Task to complete:
Return nothing but the lines from the one containing "Cover image for" through the end of the records below, exactly as they stand and without pictures.

Task inputs:
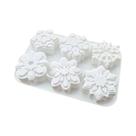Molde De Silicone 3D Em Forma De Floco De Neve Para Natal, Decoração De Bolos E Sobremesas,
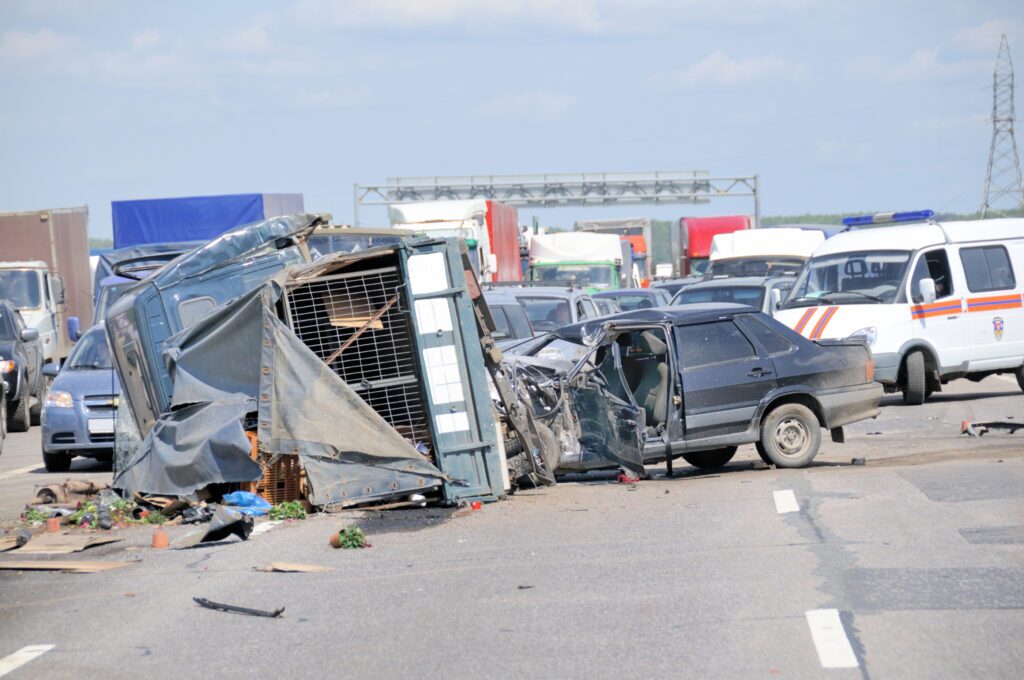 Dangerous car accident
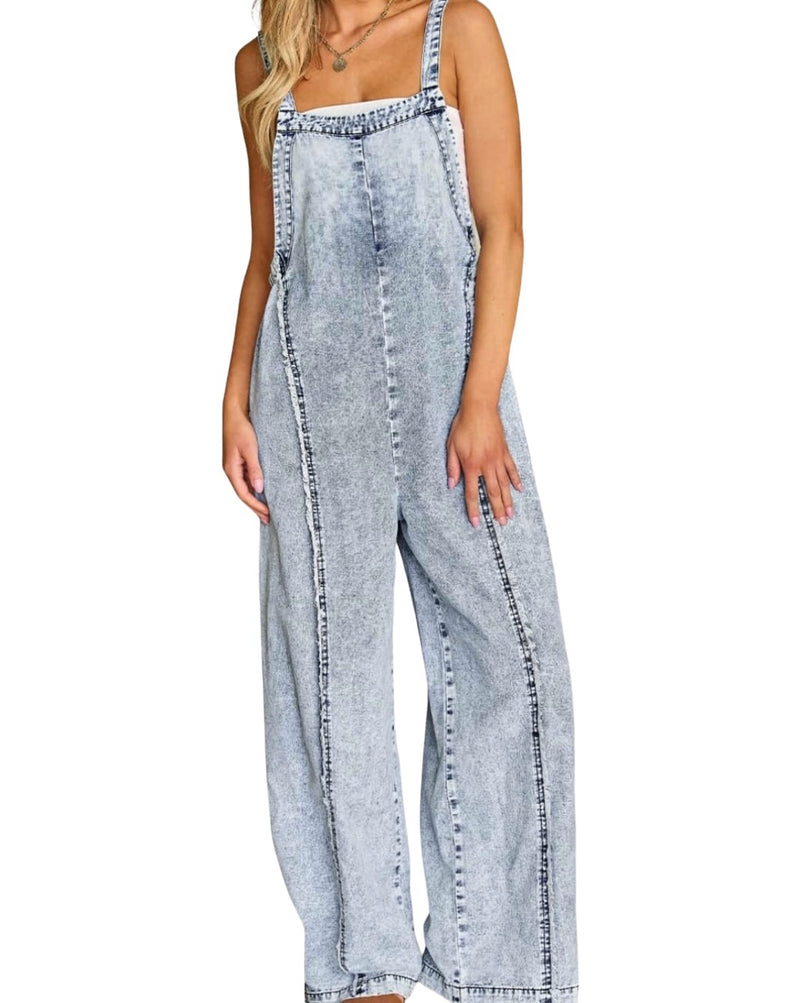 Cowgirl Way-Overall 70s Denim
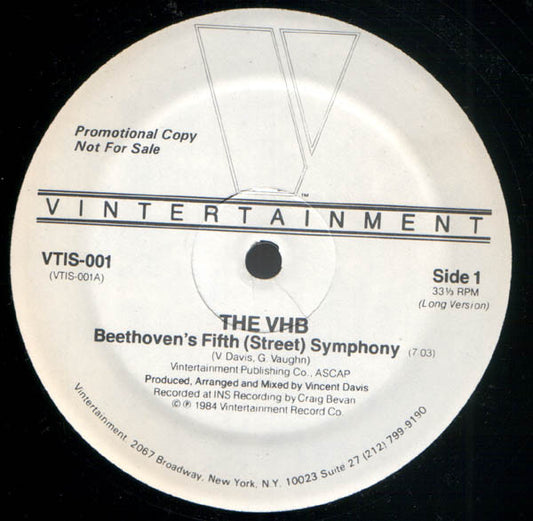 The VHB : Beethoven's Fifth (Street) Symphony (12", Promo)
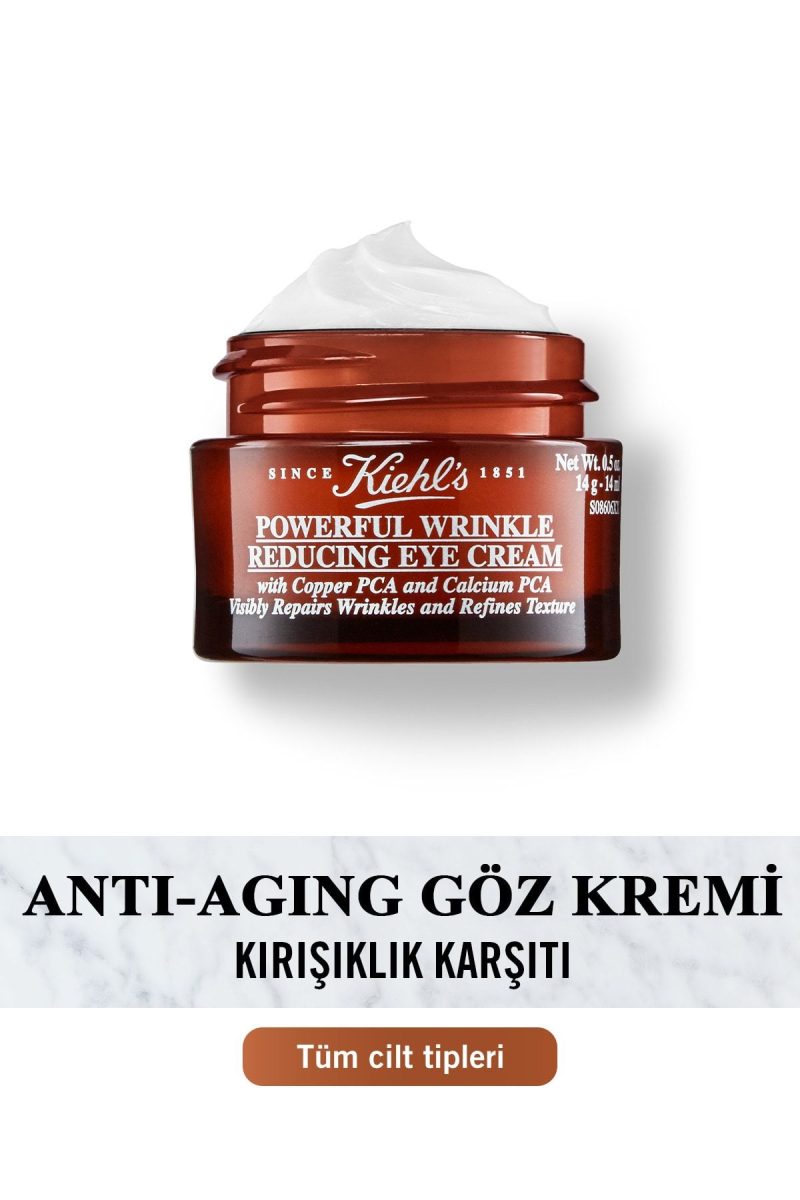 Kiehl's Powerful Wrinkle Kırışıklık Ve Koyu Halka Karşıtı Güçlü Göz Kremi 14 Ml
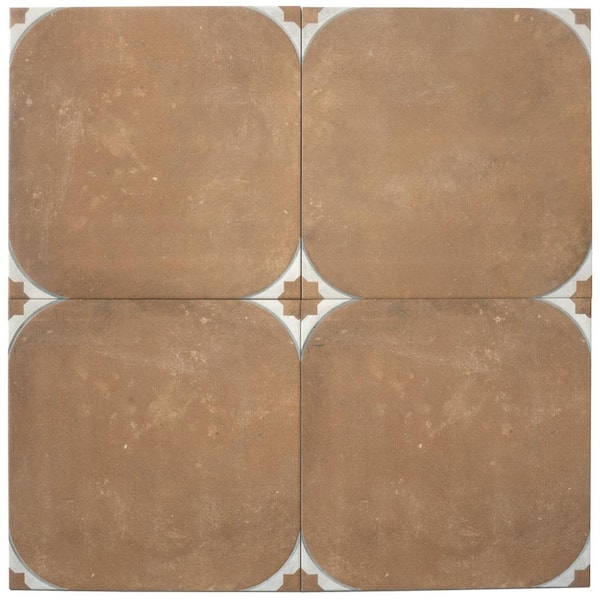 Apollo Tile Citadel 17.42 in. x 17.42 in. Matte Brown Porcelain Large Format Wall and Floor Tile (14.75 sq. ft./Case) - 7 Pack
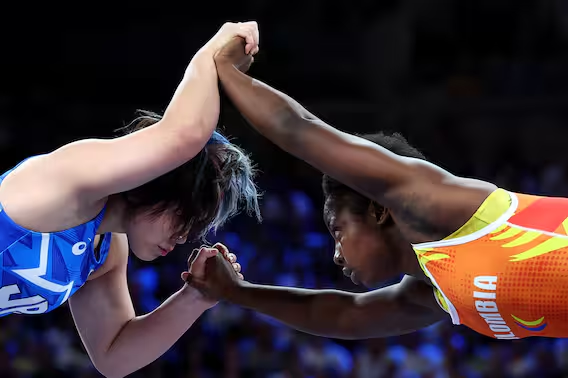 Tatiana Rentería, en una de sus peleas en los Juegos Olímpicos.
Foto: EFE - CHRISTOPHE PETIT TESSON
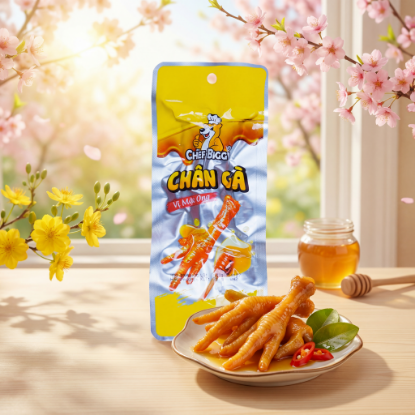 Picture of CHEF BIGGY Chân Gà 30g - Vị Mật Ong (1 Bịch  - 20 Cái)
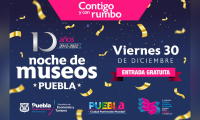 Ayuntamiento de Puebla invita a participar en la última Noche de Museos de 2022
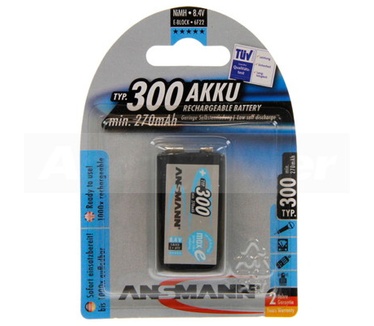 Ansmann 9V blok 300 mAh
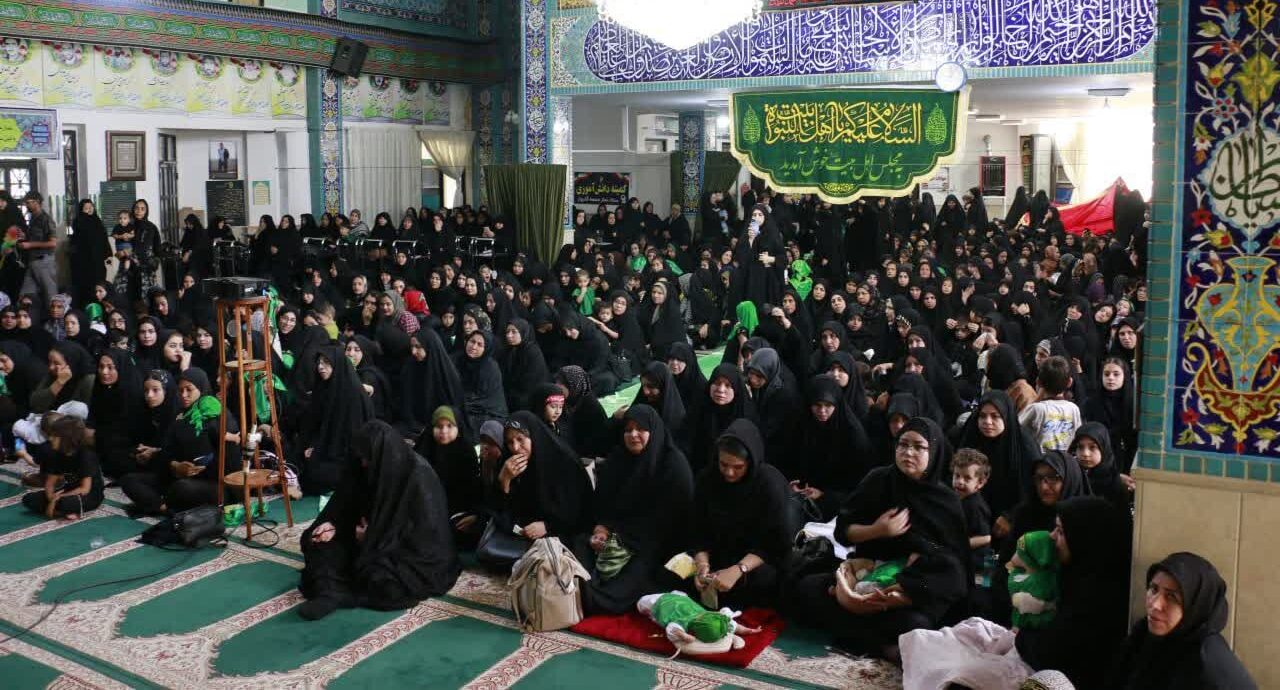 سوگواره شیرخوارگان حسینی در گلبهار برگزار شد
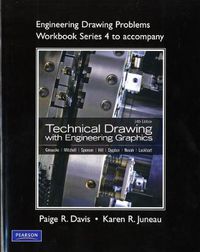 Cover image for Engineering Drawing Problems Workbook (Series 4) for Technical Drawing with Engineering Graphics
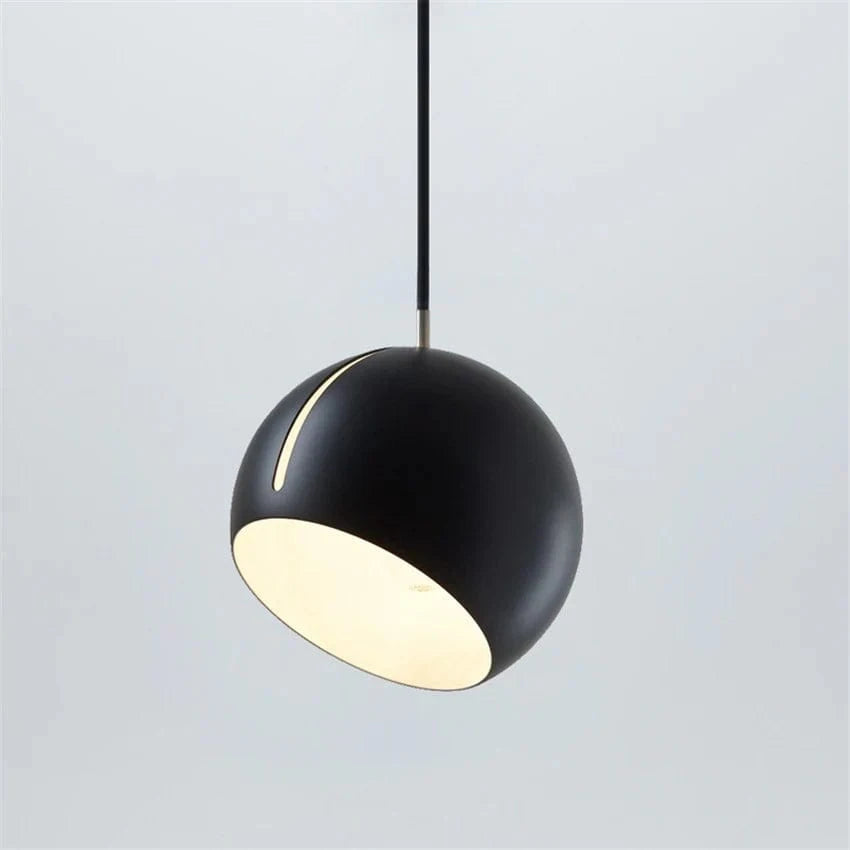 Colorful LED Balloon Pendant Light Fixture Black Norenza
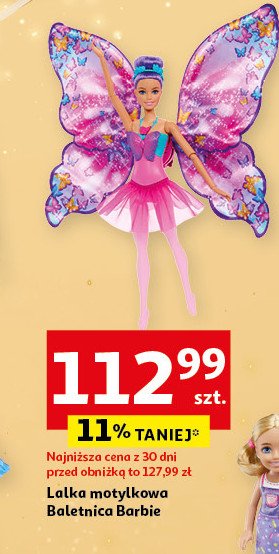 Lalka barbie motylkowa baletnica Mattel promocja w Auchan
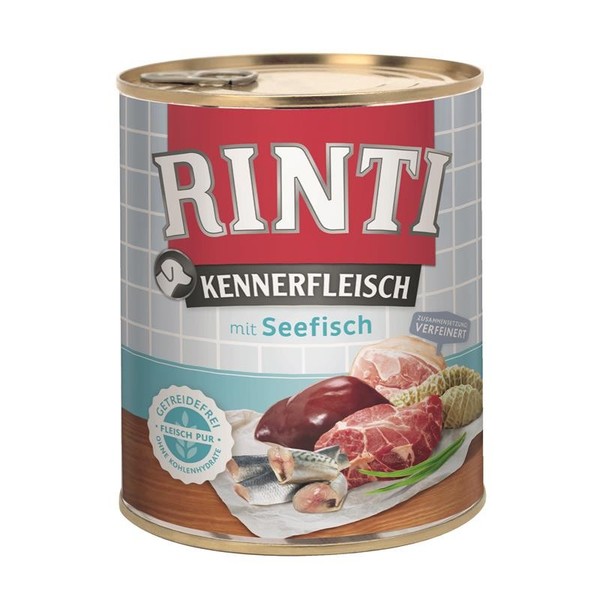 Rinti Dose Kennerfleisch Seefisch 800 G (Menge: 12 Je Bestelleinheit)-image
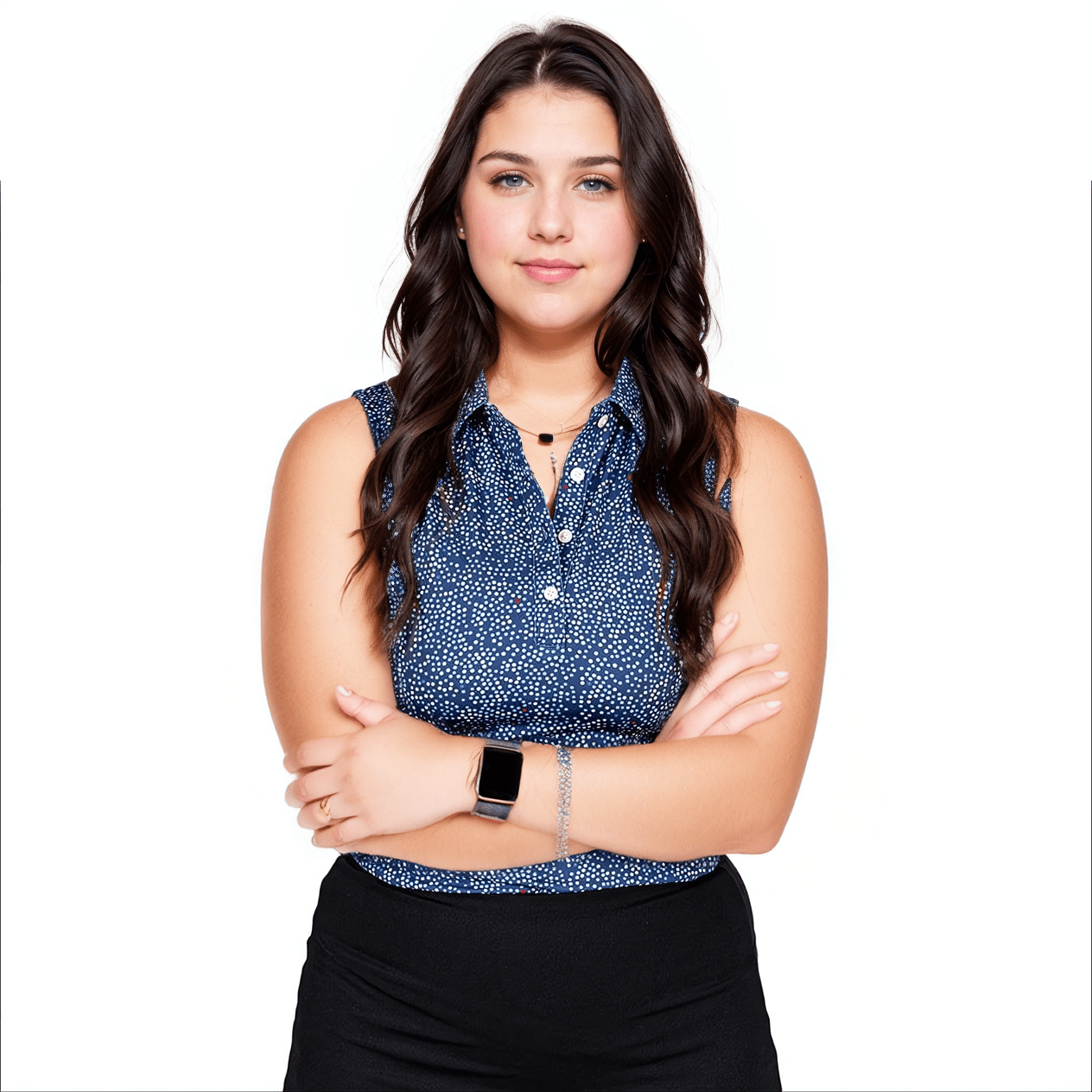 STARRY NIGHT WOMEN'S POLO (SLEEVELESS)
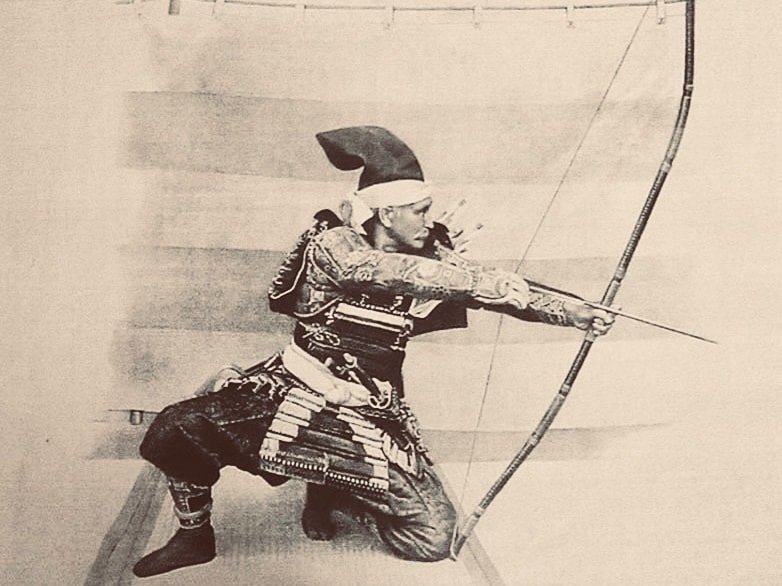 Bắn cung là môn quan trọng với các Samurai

Solution for this problem:
 Cover image for Engineering Drawing Problems Workbook (Series 4) for Technical Drawing with Engineering Graphics
 Colorful LED Balloon Pendant Light Fixture Black Norenza
 Lalka barbie motylkowa baletnica Mattel promocja w Auchan
 Rinti Dose Kennerfleisch Seefisch 800 G (Menge: 12 Je Bestelleinheit)-image
 STARRY NIGHT WOMEN'S POLO (SLEEVELESS)
 Bắn cung là môn quan trọng với các Samurai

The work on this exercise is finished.